Source records:
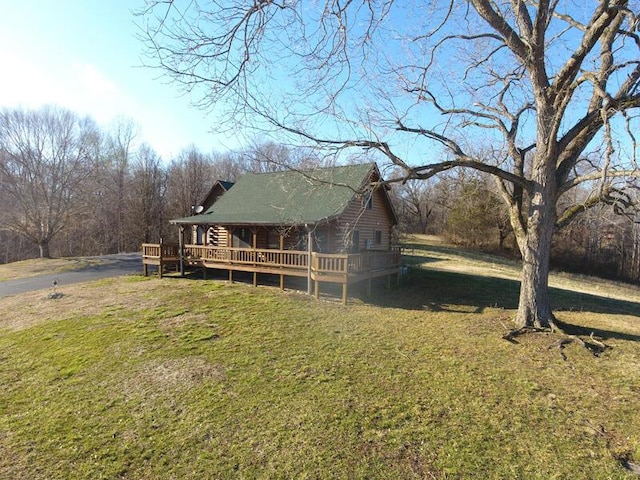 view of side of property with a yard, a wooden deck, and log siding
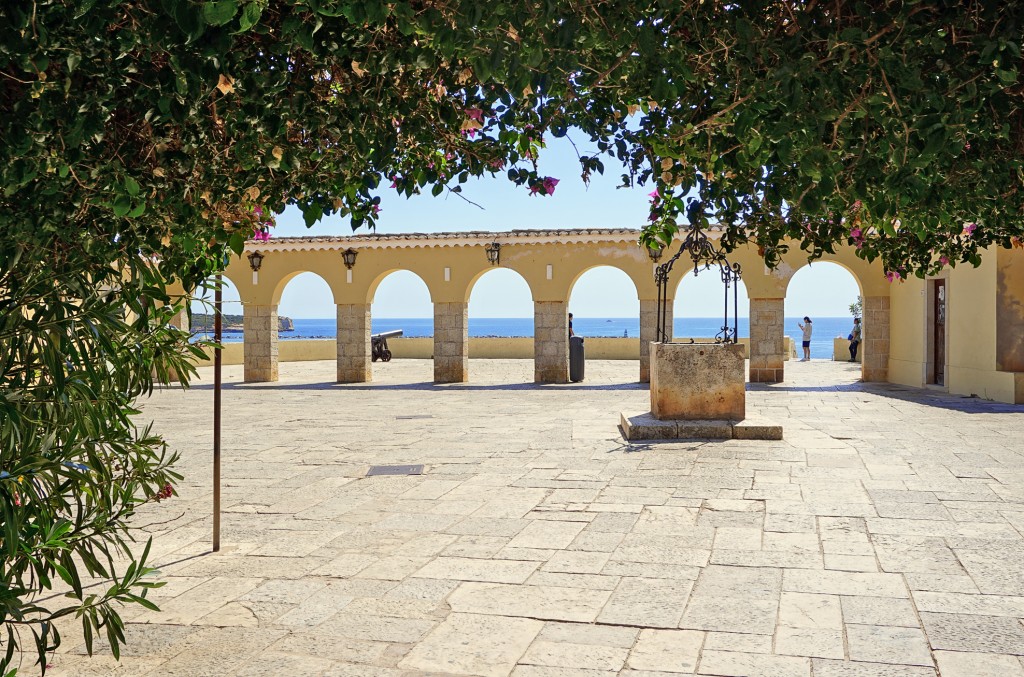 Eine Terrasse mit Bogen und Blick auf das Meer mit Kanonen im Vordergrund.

--

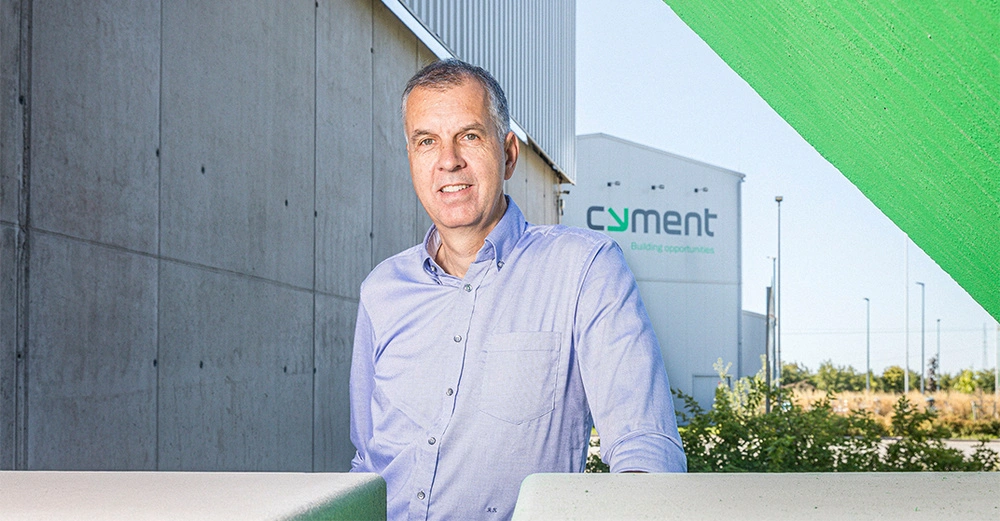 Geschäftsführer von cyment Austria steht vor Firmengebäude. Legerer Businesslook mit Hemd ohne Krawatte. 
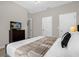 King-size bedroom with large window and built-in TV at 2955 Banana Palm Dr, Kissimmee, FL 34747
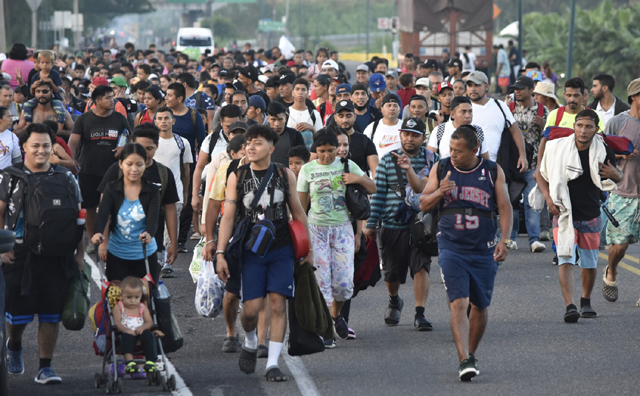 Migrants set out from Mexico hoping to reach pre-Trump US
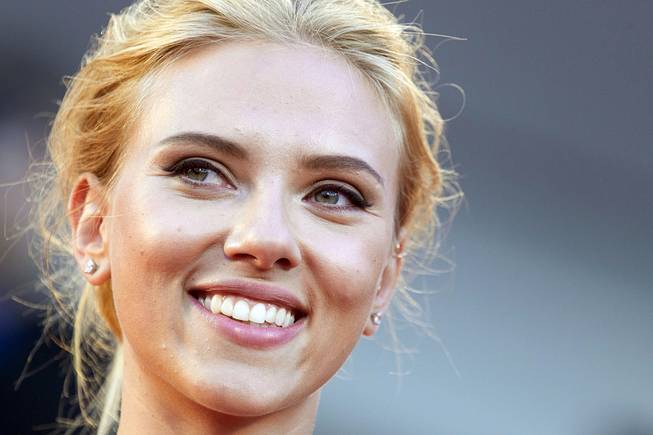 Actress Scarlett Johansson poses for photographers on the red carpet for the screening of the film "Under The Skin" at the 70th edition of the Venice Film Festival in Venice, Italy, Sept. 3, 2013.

* * *

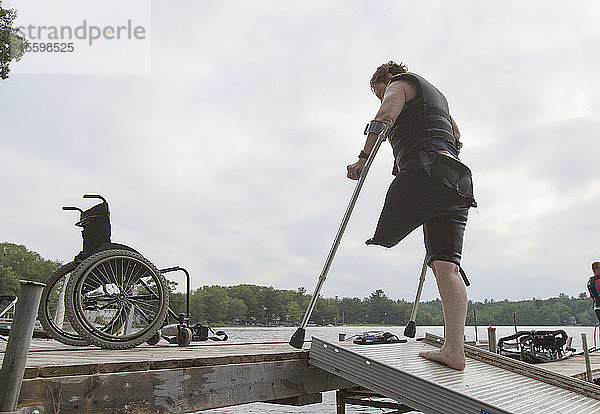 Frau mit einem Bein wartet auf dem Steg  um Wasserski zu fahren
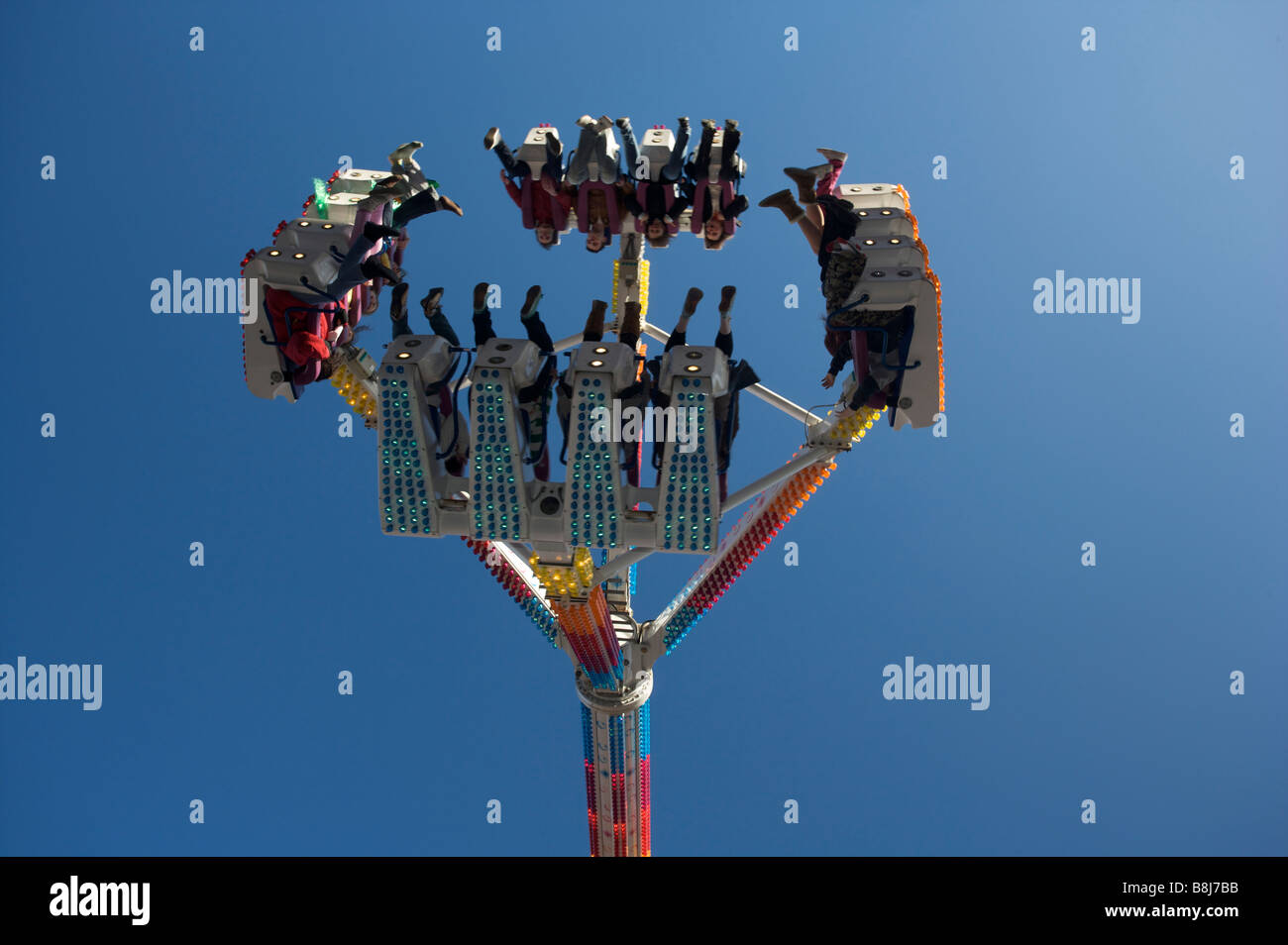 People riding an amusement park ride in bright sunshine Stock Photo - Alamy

Assignment:
Only the lines starting at the one with "Frau mit einem" and ending at the one with "People riding an" should be printed, each exactly as it appears in the material above; the pictures are to be omitted.

Task answer:
 Frau mit einem Bein wartet auf dem Steg  um Wasserski zu fahren
 People riding an amusement park ride in bright sunshine Stock Photo - Alamy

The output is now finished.